(WHAT THE EXERCISE ASKS) Set all the entries down once more, with nothing altered.

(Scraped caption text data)
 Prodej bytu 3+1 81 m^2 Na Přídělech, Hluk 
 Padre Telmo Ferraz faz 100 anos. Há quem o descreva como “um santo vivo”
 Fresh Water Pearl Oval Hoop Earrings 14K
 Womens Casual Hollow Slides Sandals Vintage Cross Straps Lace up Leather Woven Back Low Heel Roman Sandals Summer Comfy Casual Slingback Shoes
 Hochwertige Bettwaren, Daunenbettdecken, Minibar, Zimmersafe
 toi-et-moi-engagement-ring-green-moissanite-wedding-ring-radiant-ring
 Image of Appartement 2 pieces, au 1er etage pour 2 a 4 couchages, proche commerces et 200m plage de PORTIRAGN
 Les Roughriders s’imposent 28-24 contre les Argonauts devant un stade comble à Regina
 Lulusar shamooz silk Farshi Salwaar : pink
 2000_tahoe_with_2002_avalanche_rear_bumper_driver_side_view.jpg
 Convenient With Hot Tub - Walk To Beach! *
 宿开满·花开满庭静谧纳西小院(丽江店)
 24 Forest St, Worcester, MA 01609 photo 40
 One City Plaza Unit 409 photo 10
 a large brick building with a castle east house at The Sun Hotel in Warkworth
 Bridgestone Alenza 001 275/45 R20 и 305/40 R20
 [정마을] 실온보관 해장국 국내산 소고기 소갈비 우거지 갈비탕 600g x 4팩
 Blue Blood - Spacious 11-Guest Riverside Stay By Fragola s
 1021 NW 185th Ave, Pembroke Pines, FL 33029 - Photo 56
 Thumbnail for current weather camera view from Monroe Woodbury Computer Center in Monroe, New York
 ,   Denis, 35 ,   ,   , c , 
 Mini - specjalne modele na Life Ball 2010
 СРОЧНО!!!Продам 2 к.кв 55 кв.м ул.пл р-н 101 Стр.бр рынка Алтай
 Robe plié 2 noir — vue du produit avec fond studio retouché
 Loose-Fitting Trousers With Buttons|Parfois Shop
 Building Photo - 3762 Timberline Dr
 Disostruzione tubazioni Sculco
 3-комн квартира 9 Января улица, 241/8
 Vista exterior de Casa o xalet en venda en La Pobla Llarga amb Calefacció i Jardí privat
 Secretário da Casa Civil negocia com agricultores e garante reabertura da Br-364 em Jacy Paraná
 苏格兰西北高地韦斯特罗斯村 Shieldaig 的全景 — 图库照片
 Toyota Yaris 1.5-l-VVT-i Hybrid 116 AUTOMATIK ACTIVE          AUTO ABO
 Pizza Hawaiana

(TASK RESPONSE)
 Prodej bytu 3+1 81 m^2 Na Přídělech, Hluk 
 Padre Telmo Ferraz faz 100 anos. Há quem o descreva como “um santo vivo”
 Fresh Water Pearl Oval Hoop Earrings 14K
 Womens Casual Hollow Slides Sandals Vintage Cross Straps Lace up Leather Woven Back Low Heel Roman Sandals Summer Comfy Casual Slingback Shoes
 Hochwertige Bettwaren, Daunenbettdecken, Minibar, Zimmersafe
 toi-et-moi-engagement-ring-green-moissanite-wedding-ring-radiant-ring
 Image of Appartement 2 pieces, au 1er etage pour 2 a 4 couchages, proche commerces et 200m plage de PORTIRAGN
 Les Roughriders s’imposent 28-24 contre les Argonauts devant un stade comble à Regina
 Lulusar shamooz silk Farshi Salwaar : pink
 2000_tahoe_with_2002_avalanche_rear_bumper_driver_side_view.jpg
 Convenient With Hot Tub - Walk To Beach! *
 宿开满·花开满庭静谧纳西小院(丽江店)
 24 Forest St, Worcester, MA 01609 photo 40
 One City Plaza Unit 409 photo 10
 a large brick building with a castle east house at The Sun Hotel in Warkworth
 Bridgestone Alenza 001 275/45 R20 и 305/40 R20
 [정마을] 실온보관 해장국 국내산 소고기 소갈비 우거지 갈비탕 600g x 4팩
 Blue Blood - Spacious 11-Guest Riverside Stay By Fragola s
 1021 NW 185th Ave, Pembroke Pines, FL 33029 - Photo 56
 Thumbnail for current weather camera view from Monroe Woodbury Computer Center in Monroe, New York
 ,   Denis, 35 ,   ,   , c , 
 Mini - specjalne modele na Life Ball 2010
 СРОЧНО!!!Продам 2 к.кв 55 кв.м ул.пл р-н 101 Стр.бр рынка Алтай
 Robe plié 2 noir — vue du produit avec fond studio retouché
 Loose-Fitting Trousers With Buttons|Parfois Shop
 Building Photo - 3762 Timberline Dr
 Disostruzione tubazioni Sculco
 3-комн квартира 9 Января улица, 241/8
 Vista exterior de Casa o xalet en venda en La Pobla Llarga amb Calefacció i Jardí privat
 Secretário da Casa Civil negocia com agricultores e garante reabertura da Br-364 em Jacy Paraná
 苏格兰西北高地韦斯特罗斯村 Shieldaig 的全景 — 图库照片
 Toyota Yaris 1.5-l-VVT-i Hybrid 116 AUTOMATIK ACTIVE          AUTO ABO
 Pizza Hawaiana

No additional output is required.